- Poster
- Directed by: Abdur Razzak
- Screenplay by: Abdur Razzak Rezaul Hasan (dialogue)
- Story by: Tarasankar Bandyopadhyay
- Based on: Tarasankar Bandyopadhyay's novel Chapadangar Bou
- Produced by: Abdur Razzak
- Starring: Shabana; ATM Shamsuzzaman; Bapparaj; Aruna Biswas;
- Cinematography: Mahfuzur Rahman
- Edited by: Syed Mohammad Awwal
- Music by: Anwar Parvez
- Production company: Rajlokkhi Production
- Distributed by: Rajlokkhi Production
- Release date: 6 June 1986;
- Running time: 126 minutes
- Country: Bangladesh
- Language: Bengali

= Chapa Dangar Bou =

Chapa Dangar Bou is 1986 Bangladeshi film written, directed, and produced by Abdur Razzak under the banner of Rajlokkhi Production and it is based Tarasankar Bandyopadhyay's novel Chapadangar Bou. It stars Shabana, ATM Shamsuzzaman, Bapparaj and Aruna Biswas as lead role. The film's soundtrack score composed by Anwar Parvez. It is debut film of Bapparaj and Aruna Biswas.

== Cast ==
- Bapparaj as Mahatap
- Shabana as Kadambini
- Aruna Biswas as Manoda
- Hanif Sanket as Ghoton Ghosh
- ATM Shamsuzzaman as Setap Moral

== Legal issue ==
In 1986, a theatrical release conflict arose when film distributors attempted to block the Eid release of Chapa Dangar Bou. To avoid commercial competition with Azizur Rahman Buli's film Himmatwali, the Film Distributors Association secured a temporary restraining order to prevent Chapa Dangar Bou from being screened. In response, the film's director, Abdur Razzak, pursued legal action to counter the injunction. During the court proceedings, the presiding judge noted that since Advocate Rezaur Rahman, the legal counsel for the cinema owners, was absent and the district judge had not issued any prior directives on the matter, the stay order against the distributors' restriction would remain in effect. This legal outcome effectively cleared all remaining obstacles, allowing Chapa Dangar Bou to be released during the Eid festival as scheduled.

== Release ==
Chapa Dangar Bou directed by Nayak Raj Razzak released on June 6, 1986.

== Reception ==
Wroted by Mahmuda Choudhury from Weekly Bichitra and published by BMDb After the release of 'Chapa Dangar Bou', a short review of the film was published by Weekly 'Bichitra' of that time, "In the film Shabana has are excelled in the acting. Although not equal in every place, Bappa's fluency attracts attention". Wroted by Bangladesh Pratidins survey as "it was commercial success in box office".

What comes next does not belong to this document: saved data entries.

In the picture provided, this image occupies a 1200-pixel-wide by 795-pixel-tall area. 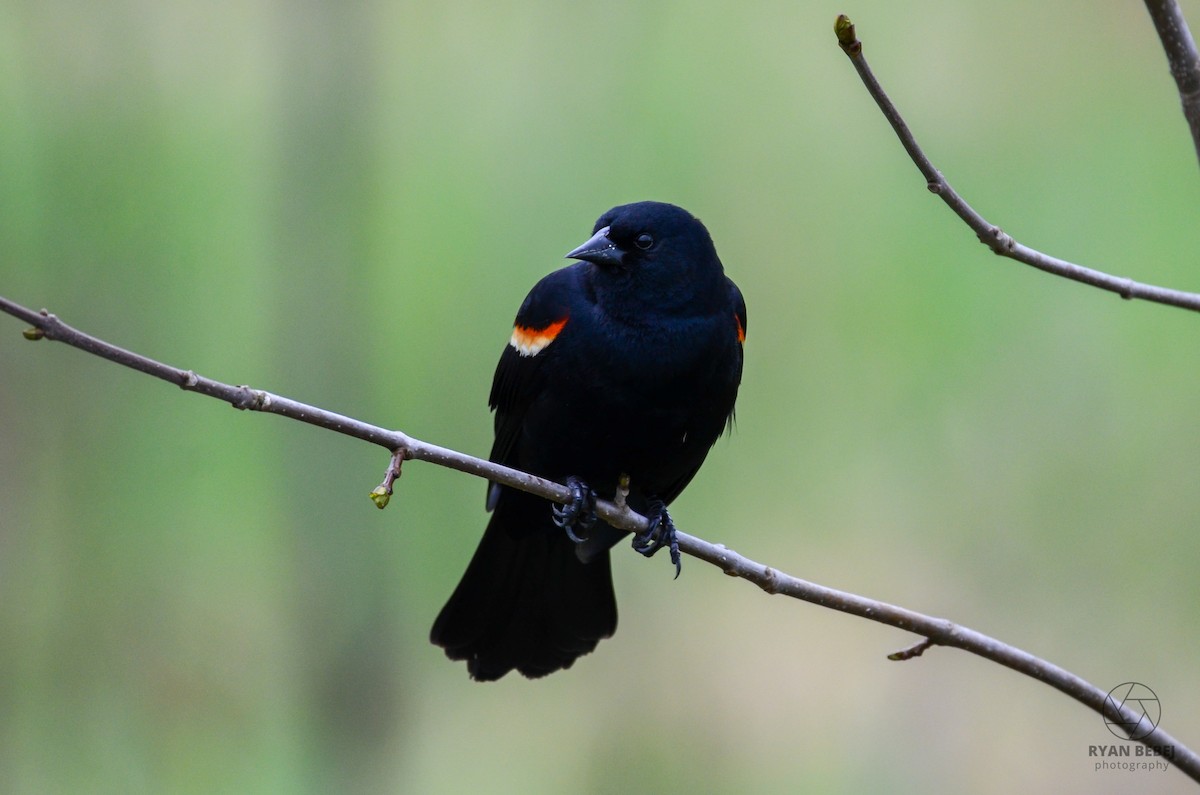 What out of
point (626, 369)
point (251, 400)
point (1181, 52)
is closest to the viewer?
point (1181, 52)

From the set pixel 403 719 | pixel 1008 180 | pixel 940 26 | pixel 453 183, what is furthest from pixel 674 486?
pixel 940 26

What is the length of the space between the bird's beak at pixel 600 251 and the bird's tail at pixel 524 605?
2.31ft

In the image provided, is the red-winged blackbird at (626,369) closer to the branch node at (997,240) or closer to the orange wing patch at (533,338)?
the orange wing patch at (533,338)

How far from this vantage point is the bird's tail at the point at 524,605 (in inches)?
109

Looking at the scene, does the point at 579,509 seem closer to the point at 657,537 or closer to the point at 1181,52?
the point at 657,537

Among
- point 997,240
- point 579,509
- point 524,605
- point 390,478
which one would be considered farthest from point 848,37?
point 524,605

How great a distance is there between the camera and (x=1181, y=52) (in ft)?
4.54

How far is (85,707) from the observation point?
13.4ft

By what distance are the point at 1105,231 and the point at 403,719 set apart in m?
3.37

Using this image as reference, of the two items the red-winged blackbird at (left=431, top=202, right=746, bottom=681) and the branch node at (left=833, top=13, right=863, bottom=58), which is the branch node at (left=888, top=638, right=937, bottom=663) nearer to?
the red-winged blackbird at (left=431, top=202, right=746, bottom=681)

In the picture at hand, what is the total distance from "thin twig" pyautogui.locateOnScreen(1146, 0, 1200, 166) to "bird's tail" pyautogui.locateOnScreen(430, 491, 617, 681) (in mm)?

Wroted by Somoy Newss survey as "Nayakraj Razzak has brought tears to the audience's eyes by bringing Tarasankar Bandyopadhyay's novel 'Chapa Dangar Bou' to celluloid". Wroted by Jagonews24's survey as "Bapparaj received praise for his performance in his first film". Wroted by Zoom Bangla's survey as "Hanif Sanket performed brilliantly as the village enemy in the film".